On June 23, Human Rights at 60: Reflecting and Reimagining (external link)  will take place virtually from 9 a.m. to 4:30 p.m. The event will feature panel discussions and keynote speakers to reflect on this moment in human rights history.

We spoke with Tanya (Toni) De Mello, assistant dean, Student Programming, Development and Equity, Lincoln Alexander School of Law and Remi Warner, director, Human Rights Services, in the Office of the Vice-President, Equity and Community Inclusion, to learn more about the code, why it is important and how it can evolve given changing cultural contexts.

Toni (Tanya) De Mello.

Toni (Tanya) De Mello will be hosting the event and making closing remarks at the conference.

Why is the code so important?

Remi Warner: It legally enshrines and protects some of our most cherished ideals in society, namely the right to be treated with dignity, equality and respect, free from discrimination and harassment, no matter who you are, and in a manner that respects our various identities, abilities and social locations. 

Having these ideals recognized in provincial law as an inalienable human right is important because so many areas of our everyday life - from housing, to our workplaces, unions, associations, services (including education), goods, and facilities - are under provincial jurisdiction. The code helps to take such expectations of what we agree to be fair, just and equitable off of the political bargaining table in these key social areas of life, where power, might and the will of the majority would otherwise hold sway, to the detriment of marginalized people. 

Tanya (Toni) De Mello: What I think is so important about the code is it says at its heart that we want people to feel dignity at work and in their communities. Everyone should be able to feel that their identities are respected in their work environment. The code is a blanket that people can put around themselves and it says - ‘you matter, who you are matters’. The code is not just about having consequences for abuse, it is also about people feeling dignity.

The code also has primacy over all other legislation and looks at impact, not solely intention. It looks at the impact that actions or words have on people - which is so important as people may have no negative intention and still cause incredible harm to someone in the workplace. The impact is what we really measure and this is important to note.

Remi Warner.

Remi Warner will be hosting a panel looking at perspectives on expanding human rights claims and debates over whether some of these claims belong in the realm of fundamental human rights and/or in the political sphere.

 

How does the code impact human rights law and policy more broadly?
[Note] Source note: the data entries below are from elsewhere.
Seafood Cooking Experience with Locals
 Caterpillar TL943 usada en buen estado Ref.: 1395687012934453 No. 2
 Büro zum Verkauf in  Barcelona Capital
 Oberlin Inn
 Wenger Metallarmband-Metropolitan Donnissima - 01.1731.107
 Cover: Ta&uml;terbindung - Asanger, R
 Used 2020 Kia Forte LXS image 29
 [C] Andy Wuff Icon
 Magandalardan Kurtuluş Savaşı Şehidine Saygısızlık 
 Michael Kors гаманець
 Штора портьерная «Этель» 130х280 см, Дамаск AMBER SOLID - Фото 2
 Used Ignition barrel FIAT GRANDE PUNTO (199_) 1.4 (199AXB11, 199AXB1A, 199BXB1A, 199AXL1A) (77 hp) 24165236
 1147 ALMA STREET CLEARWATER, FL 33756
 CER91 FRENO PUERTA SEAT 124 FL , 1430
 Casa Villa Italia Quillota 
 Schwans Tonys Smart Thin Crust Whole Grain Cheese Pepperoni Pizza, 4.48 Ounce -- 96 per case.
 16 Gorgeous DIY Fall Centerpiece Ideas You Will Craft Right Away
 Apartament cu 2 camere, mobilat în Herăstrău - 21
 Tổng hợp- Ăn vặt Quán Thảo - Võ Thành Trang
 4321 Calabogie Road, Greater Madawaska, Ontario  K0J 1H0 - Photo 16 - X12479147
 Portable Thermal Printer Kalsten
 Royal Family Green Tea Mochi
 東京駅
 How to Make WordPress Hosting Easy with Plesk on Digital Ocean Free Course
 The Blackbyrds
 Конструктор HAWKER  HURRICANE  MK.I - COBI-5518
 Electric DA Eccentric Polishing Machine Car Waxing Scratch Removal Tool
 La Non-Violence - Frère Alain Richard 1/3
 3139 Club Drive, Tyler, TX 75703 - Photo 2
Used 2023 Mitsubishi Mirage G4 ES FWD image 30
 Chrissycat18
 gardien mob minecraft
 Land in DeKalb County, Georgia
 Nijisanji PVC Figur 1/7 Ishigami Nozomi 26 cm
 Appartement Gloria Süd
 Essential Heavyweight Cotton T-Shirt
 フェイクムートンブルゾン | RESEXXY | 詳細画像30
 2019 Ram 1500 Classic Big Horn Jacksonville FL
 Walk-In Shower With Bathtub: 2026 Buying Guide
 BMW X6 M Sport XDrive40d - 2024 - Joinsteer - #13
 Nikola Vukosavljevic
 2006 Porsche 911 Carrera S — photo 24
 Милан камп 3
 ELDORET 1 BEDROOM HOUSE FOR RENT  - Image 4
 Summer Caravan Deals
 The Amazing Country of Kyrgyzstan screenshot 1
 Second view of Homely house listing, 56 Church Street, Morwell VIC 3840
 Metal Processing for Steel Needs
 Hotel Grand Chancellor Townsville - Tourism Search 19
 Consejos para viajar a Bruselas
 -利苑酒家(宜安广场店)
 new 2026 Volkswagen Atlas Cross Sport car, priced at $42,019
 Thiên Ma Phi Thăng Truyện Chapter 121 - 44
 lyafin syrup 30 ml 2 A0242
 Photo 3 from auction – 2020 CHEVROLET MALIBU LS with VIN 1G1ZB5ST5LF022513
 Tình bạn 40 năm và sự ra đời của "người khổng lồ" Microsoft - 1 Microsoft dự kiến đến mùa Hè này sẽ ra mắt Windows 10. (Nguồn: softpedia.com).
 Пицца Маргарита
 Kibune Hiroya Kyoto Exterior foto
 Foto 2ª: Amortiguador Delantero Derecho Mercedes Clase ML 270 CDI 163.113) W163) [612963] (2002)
RW: The code is human rights law in Ontario and as such has the status of being “quasi-constitutional”, that is,  it has primacy and takes precedence over all other provincial laws and policies. Where other policies, laws or collective agreements conflict with the code, the code will thus generally prevail and set the standard to be followed.

TD: All organizations must create workplace policies that align with the code. The code says your human rights, your right to work, and the identities that you bring are more important than any operational, legal or political requirements. Where there is a conflict, we will follow the principles in the code - this shows the value that this province has put to celebrate and protect who you are.

How can human rights law and policy advance the push for systemic substantive equality?

RW: The current design of human rights law and policy tends to put the onus on the individual victims of discrimination to press for their rights, through a relatively daunting and reactive legal process, after the fact of discrimination. Human rights law and policy can better advance systemic equality by placing more of an onus and positive obligation on those who wield power within our public institutions to prevent discrimination and harassment, and proactively advance equity.

Some examples of this include requiring regular data collection and public reporting, systemic barrier reviews and human rights impact assessment (including budgets, policies and initiatives). Other examples are mandatory human rights training and education, and the development of proactive equity strategies with transparent targets and indicators.

TD: One of the greatest gifts of the code is that it pushes for system change and this is important because we want systems in our society to change and evolve so that we are not accommodating cases on an individual basis but rather we have a universal design that can better conditions and support everyone. We also want to work towards having universal responses for people to feel welcome and to deal with difficult situations. Because the code is so powerful and it has consequences, it pushes people to think of changes in the system as they want to comply with the code but they also want to show that they go above and beyond the basic code requirements.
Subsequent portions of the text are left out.